REQUIRED ACTION: Where a line below includes the word "polyester", copy that line.

LISTED ENTRIES:
....................

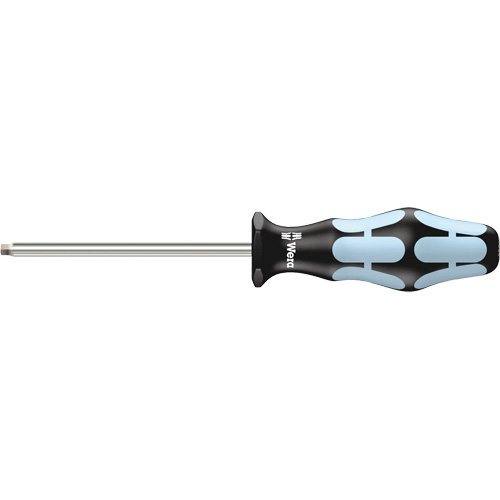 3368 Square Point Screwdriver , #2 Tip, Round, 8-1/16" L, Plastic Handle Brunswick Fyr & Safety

....................

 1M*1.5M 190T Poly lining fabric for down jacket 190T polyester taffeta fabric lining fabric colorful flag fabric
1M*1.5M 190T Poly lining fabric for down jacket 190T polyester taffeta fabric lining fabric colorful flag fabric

....................

RESPONSE TO THE TASK:
 1M*1.5M 190T Poly lining fabric for down jacket 190T polyester taffeta fabric lining fabric colorful flag fabric
1M*1.5M 190T Poly lining fabric for down jacket 190T polyester taffeta fabric lining fabric colorful flag fabric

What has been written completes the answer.